++++ DATA FOR THE TASK ++++

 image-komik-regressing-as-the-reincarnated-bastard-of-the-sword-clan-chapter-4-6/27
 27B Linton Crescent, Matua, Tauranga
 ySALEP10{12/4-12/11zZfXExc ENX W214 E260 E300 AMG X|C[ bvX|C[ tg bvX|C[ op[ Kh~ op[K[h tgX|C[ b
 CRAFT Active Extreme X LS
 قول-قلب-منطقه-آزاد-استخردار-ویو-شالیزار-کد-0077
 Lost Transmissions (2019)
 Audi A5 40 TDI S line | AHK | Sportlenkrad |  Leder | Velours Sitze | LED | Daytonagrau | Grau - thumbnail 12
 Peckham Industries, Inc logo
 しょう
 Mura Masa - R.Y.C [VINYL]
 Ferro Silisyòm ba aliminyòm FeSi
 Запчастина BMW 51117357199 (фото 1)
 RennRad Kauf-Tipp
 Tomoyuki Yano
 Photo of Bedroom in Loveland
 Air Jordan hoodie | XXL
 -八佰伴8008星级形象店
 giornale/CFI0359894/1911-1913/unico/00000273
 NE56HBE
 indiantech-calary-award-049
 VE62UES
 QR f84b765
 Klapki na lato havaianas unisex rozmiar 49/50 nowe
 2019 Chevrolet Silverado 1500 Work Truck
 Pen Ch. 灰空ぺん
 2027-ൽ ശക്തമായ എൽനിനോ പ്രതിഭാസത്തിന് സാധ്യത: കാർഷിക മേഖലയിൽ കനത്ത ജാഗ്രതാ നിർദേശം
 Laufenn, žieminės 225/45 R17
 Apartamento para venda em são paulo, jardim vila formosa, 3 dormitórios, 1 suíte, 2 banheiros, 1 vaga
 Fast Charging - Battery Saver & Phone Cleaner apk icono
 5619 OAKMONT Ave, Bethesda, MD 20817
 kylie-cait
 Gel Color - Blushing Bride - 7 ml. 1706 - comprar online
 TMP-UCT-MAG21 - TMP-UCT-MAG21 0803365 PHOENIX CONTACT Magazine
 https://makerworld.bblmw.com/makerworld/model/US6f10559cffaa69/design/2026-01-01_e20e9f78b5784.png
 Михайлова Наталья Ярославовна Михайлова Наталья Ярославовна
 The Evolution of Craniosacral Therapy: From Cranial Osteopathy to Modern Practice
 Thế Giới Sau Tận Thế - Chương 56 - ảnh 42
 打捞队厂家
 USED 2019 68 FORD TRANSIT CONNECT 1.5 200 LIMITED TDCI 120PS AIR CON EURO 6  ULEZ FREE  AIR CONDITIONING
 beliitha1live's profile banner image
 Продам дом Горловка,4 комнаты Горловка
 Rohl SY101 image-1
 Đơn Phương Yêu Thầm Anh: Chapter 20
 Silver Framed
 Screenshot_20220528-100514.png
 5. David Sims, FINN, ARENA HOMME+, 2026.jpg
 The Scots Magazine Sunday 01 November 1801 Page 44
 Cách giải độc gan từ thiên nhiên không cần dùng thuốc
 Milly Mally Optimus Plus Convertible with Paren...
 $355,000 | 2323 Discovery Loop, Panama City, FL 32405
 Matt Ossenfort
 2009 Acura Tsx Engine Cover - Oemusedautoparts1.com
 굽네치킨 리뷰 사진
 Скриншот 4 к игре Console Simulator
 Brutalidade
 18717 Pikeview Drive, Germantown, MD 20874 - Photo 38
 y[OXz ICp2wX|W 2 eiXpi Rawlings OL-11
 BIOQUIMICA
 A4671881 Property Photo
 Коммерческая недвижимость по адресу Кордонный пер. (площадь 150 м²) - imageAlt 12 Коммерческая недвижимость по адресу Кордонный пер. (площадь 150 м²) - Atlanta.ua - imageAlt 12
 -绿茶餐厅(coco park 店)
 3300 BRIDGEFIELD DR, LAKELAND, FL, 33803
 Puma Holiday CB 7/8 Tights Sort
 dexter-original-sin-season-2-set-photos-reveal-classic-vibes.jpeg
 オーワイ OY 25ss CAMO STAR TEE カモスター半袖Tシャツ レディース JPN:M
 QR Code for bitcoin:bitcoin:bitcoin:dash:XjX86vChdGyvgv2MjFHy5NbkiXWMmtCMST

++++

[INSTRUCTIONS FOR THE TASK] Beginning with the first line above, could you copy every line exactly, up to and including the one with "قول-قلب-منطقه-آزاد-ا"?

[ANSWER SECTION]
 image-komik-regressing-as-the-reincarnated-bastard-of-the-sword-clan-chapter-4-6/27
 27B Linton Crescent, Matua, Tauranga
 ySALEP10{12/4-12/11zZfXExc ENX W214 E260 E300 AMG X|C[ bvX|C[ tg bvX|C[ op[ Kh~ op[K[h tgX|C[ b
 CRAFT Active Extreme X LS
 قول-قلب-منطقه-آزاد-استخردار-ویو-شالیزار-کد-0077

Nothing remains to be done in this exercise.